Nawilżacz powietrza: jaki kupić? Czy warto?

Antoni Kwapisz
02.11.2018

W polskich warunkach klimatycznych sezon grzewczy trwa średnio pół roku. To wystarczająca ilość czasu, by doprowadzić swoją skórę oraz błony śluzowe do ruiny. Ogrzane powietrze charakteryzuje się tym, że jest bardzo suche, co na dłuższą metę nie sprzyja organizmowi. Pojawiają się alergie, notoryczne katary, męczący kaszel, skóra traci na jędrności i staje się szorstka. Aby temu zapobiec, warto kontrolować i w razie potrzeby zwiększać poziom wilgotności w domu. Bardzo skutecznie poradzi sobie z tym nawilżacz powietrza.

Kiedy należy pomyśleć o zakupie nawilżacza?

Optymalny poziom wilgotności powietrza wynosi od 40% do 60%. W takich warunkach czujemy się najbardziej komfortowo, a ryzyko przesuszenia śluzówki np. nosa jest znikome. Aby kontrolować poziom wilgotności, warto zaopatrzyć się w nawet najprostszy higrometr.
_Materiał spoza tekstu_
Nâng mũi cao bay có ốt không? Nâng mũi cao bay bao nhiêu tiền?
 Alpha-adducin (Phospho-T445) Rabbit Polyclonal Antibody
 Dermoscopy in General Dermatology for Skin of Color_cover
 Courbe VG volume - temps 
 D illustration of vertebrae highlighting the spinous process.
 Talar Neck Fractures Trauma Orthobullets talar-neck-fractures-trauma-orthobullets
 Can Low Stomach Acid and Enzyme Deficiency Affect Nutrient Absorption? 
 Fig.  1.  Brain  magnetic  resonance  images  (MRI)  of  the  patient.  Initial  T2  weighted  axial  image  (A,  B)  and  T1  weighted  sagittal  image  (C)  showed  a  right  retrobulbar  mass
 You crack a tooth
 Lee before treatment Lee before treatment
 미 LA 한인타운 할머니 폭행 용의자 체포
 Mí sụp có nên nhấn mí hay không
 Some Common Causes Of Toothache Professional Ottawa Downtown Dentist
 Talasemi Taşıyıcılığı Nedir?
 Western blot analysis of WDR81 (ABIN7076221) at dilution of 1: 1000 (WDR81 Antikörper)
W momencie, gdy wilgotność spada poniżej 40%, należy ją podwyższyć. W tym celu można otworzyć okno, ale w sezonie zimowym ten sposób jest mało skuteczny. Dawniej wieszano więc mokre ręczniki na kaloryferach lub ustawiano pojemniki z wodą. Z przyczyn czysto praktycznych i estetycznych trudno jednak polecić te archaiczne rozwiązania.

Ponadto nie należy dopuszczać do sytuacji, gdy wilgotność powietrza jest zbyt wysoka, czyli stale przekracza 70%. W takich warunkach łatwo rozwijają się grzyby i pleśnie, które są bardzo niebezpieczne dla zdrowia.

Jaki nawilżacz kupić?

Nawilżacze powietrza coraz częściej stanowią podstawowe wyposażenie domu. Jeśli wiesz, że w Twoim mieszkaniu notorycznie panuje bardzo niska wilgotność, to najlepszym rozwiązaniem będzie właśnie zakup nawilżacza. Pytanie tylko, jaki wybrać?

Na rynku są dostępne trzy podstawowe typy nawilżaczy:

  • Parowy – jak sama nazwa wskazuje, taki nawilżacz generuje parę, która jest uzyskiwana z wody nalanej do wbudowanego zbiornika. Niestety, para osiada na podłodze i zostawia zaschnięte ślady. Ponadto taki nawilżacz pobiera sporo energii elektrycznej.
  • Ewaporacyjny – nowocześniejszy i znacznie oszczędniejszy typ nawilżacza. Produkuje przyjemnie chłodną parę, dzięki czemu świetnie sprawdza się także do aromaterapii. Podstawową wadą tego urządzenia jest niestety spory hałas, jaki towarzyszy produkcji pary.
  • Ultradźwiękowy – najbardziej zaawansowany i komfortowy w użytkowaniu, ponieważ pozwala precyzyjnie dawkować ilość pary oraz jej temperaturę. Jest przy tym bardzo cichy i oszczędny. Niewątpliwą wadą jest jednak konieczność bardzo częstego czyszczenia, ponieważ szybko rozwijają się w nim pleśnie.

Jeśli nie ogranicza Cię budżet, to zdecydowanie polecamy zainwestować w nawilżacz ultradźwiękowy. Pamiętaj jednak, że bez względu na to, jakie urządzenie ostatecznie wybierzesz, musisz dbać o jego regularne czyszczenie i odkażanie. Nawilżacz należy również dobrać pod kątem wielkości pomieszczenia – zbyt mały nie pozwoli osiągnąć pożądanej wilgotności powietrza.